■ Work item
Repeat only the stretch of lines below that runs from the line with "The Message of" through the line with "Sunday Service - July 12, 2020", unaltered.

■ Task data
======

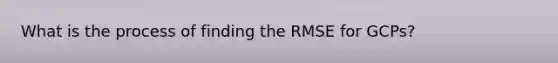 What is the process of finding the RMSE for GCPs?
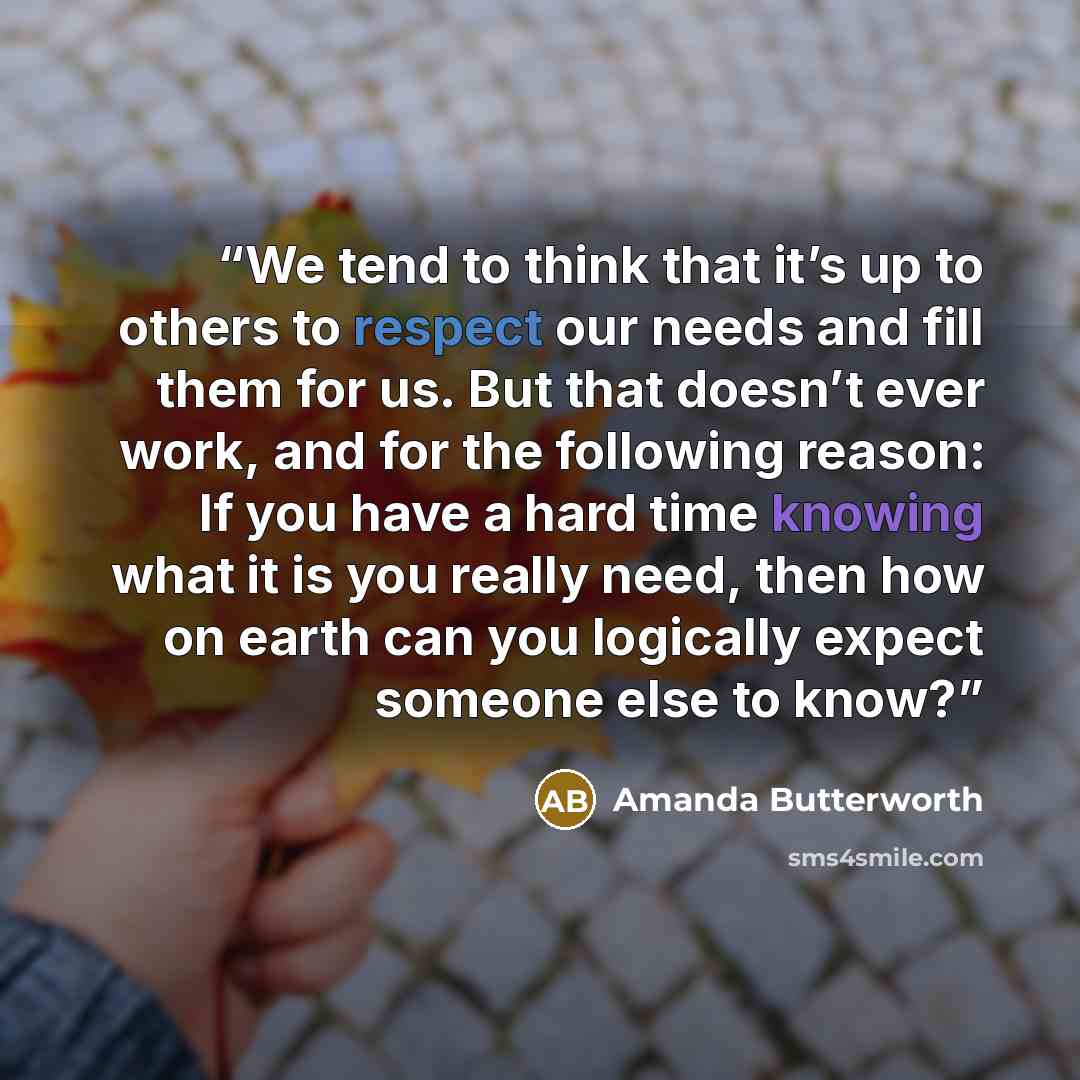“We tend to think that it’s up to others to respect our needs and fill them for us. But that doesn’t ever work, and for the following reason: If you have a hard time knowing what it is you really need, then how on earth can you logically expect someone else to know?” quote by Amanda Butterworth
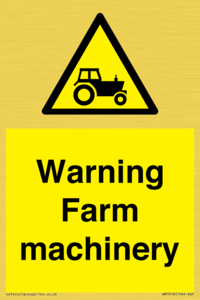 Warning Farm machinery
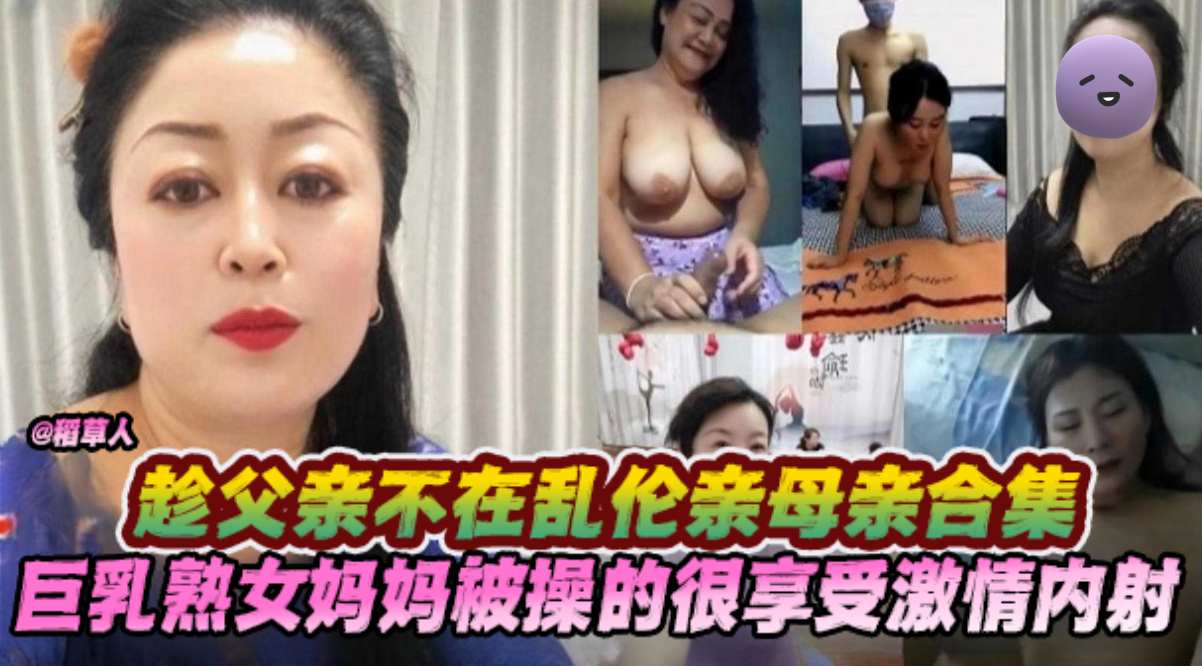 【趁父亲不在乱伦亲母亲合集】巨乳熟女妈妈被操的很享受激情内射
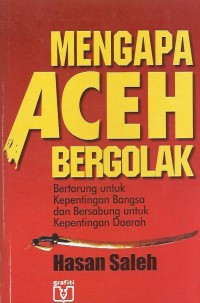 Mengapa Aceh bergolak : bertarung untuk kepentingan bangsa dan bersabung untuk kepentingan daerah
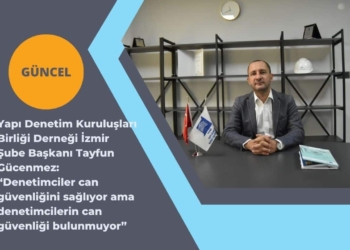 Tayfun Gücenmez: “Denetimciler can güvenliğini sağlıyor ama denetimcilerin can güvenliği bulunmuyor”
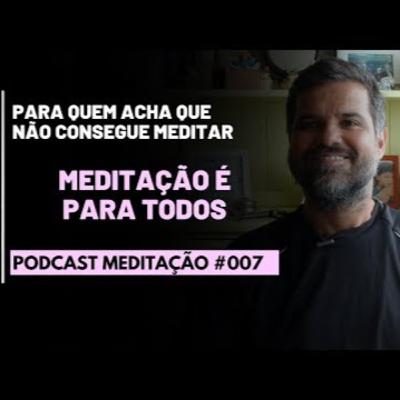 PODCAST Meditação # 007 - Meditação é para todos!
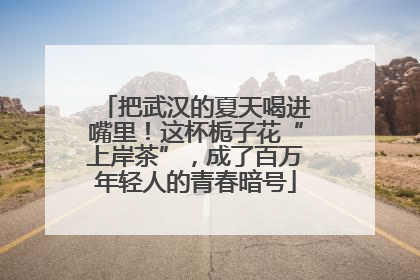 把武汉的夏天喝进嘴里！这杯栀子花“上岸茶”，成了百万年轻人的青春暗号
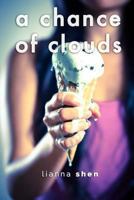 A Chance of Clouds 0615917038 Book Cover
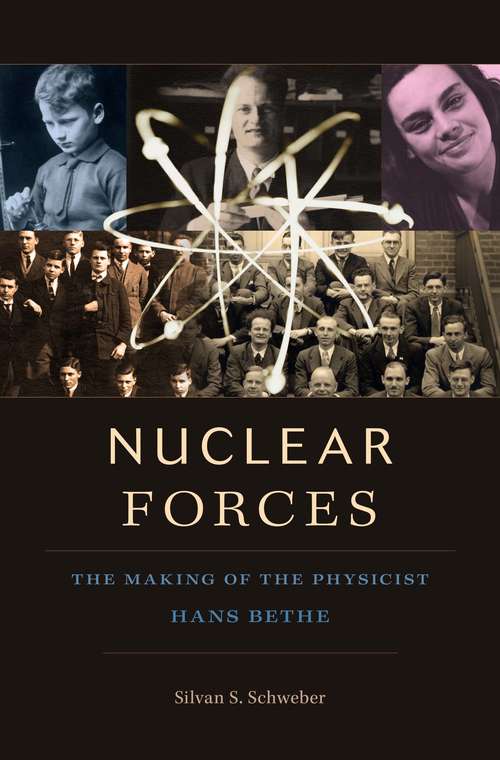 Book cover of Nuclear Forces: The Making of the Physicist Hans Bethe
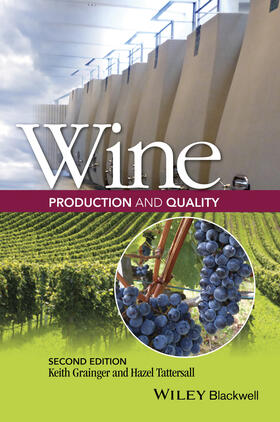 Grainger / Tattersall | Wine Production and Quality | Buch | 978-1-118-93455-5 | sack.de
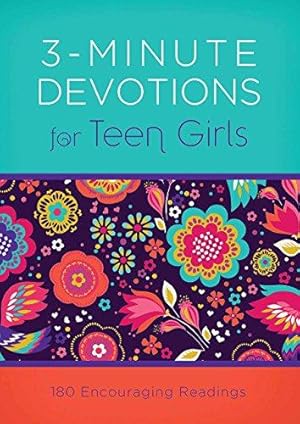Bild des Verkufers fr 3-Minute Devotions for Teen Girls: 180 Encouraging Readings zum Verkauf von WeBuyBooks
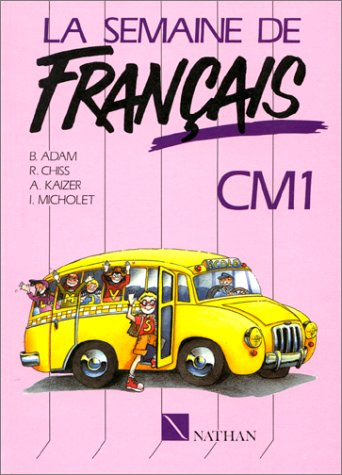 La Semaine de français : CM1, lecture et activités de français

======

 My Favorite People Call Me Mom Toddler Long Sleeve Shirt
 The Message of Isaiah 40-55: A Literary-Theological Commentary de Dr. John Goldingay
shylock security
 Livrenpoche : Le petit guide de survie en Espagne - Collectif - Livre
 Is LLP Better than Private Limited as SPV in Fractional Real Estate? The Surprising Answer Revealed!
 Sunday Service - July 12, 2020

======

■ Solution to the problem
 The Message of Isaiah 40-55: A Literary-Theological Commentary de Dr. John Goldingay
shylock security
 Livrenpoche : Le petit guide de survie en Espagne - Collectif - Livre
 Is LLP Better than Private Limited as SPV in Fractional Real Estate? The Surprising Answer Revealed!
 Sunday Service - July 12, 2020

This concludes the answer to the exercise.